Even if a piece of graffiti has artistic merit, it can still be a crime to paint it on someone's property. The ugly spray-painting of 'tags' which are currently defacing parts of our city should be deterred. But some graffiti can, undoubtedly, achieve high artistic value. Britain's Banksy is generally recognised as a genuine artist; many of his graffiti prints sell for tens of thousands of dollars. A few of the iconic scribblings of the late self-styled 'King of Kowloon', Tsang Tsou-choi, have been preserved on walls across our city and are protected as cultural heritage. Be that as it may, many people still reasonably regard graffiti as nuisance and as criminal defacement warranting prosecution. Fortunately, when it comes to graffiti, Hong Kong does not have the same problems as many overseas cities. Here, they are usually painted by well-meaning artists and youngsters who hope to liven up neighbourhoods or make a statement.
It has been proposed that the government set up graffiti zones. Some youth groups have done so with varying success. The proposal is similar to the government's designations of specific parks for skateboarders who are generally banned from most public spaces. These special park zones tend to be underused, but at least they offer a safe and legal outlet for skateboarders, so the same may work for graffiti artists.
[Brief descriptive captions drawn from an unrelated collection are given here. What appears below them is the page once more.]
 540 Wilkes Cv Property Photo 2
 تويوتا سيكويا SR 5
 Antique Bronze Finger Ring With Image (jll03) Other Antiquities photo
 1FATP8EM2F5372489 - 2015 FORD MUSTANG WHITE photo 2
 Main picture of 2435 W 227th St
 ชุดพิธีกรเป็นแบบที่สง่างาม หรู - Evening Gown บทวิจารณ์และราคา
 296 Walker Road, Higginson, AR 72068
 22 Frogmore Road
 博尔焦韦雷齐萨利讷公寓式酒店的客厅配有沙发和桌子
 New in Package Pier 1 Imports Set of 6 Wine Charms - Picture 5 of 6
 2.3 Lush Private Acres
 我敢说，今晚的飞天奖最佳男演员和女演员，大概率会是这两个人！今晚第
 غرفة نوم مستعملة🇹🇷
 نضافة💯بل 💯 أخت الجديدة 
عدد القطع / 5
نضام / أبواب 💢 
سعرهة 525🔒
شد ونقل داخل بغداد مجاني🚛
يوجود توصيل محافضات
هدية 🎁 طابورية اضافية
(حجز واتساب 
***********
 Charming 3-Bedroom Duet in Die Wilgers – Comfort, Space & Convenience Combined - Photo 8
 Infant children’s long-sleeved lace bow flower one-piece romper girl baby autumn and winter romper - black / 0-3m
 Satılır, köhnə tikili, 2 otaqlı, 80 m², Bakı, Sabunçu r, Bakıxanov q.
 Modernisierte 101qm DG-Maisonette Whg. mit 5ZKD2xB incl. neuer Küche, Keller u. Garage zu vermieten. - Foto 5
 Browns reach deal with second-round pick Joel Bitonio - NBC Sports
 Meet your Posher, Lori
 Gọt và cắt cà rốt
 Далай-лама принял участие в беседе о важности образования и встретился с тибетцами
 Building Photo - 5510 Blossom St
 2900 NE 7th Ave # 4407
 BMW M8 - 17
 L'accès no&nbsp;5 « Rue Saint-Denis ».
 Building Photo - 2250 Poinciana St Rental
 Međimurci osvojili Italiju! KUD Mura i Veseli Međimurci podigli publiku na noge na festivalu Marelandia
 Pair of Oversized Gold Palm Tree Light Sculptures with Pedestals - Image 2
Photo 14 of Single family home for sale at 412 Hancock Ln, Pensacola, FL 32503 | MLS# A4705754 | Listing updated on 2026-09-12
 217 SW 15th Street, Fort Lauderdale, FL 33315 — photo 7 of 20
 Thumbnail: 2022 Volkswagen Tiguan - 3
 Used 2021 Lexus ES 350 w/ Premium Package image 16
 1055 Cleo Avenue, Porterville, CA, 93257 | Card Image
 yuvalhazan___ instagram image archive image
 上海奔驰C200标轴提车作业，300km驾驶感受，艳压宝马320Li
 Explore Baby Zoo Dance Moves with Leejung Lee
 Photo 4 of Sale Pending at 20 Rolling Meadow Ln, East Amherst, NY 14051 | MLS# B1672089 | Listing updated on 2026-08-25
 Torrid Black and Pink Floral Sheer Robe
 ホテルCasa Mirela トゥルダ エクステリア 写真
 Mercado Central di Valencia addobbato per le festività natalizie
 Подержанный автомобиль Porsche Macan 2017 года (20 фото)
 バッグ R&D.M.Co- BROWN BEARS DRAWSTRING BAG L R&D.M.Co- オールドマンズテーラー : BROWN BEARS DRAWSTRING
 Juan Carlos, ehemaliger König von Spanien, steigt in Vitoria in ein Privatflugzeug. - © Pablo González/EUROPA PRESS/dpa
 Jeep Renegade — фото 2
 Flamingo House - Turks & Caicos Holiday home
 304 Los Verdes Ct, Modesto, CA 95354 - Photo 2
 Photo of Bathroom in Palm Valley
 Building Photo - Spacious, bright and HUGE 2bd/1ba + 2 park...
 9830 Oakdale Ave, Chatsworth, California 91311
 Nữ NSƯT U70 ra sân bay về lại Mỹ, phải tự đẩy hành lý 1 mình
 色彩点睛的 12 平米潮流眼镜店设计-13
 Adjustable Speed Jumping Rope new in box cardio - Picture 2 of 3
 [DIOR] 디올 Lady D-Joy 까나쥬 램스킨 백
Perhaps, ultimately, the acceptance of graffiti can only be decided by appealing to community standards. At present, our society does not seem to have much tolerance for them. But as free spirits and subversive artists, graffiti painters should not expect quarter to be given. Being prosecuted is a chance they have to take. Struggle can, after all, be key to artistic success. A few may well develop into genuine artists; and their work to hold such appeal as to gain community acceptance or even admiration.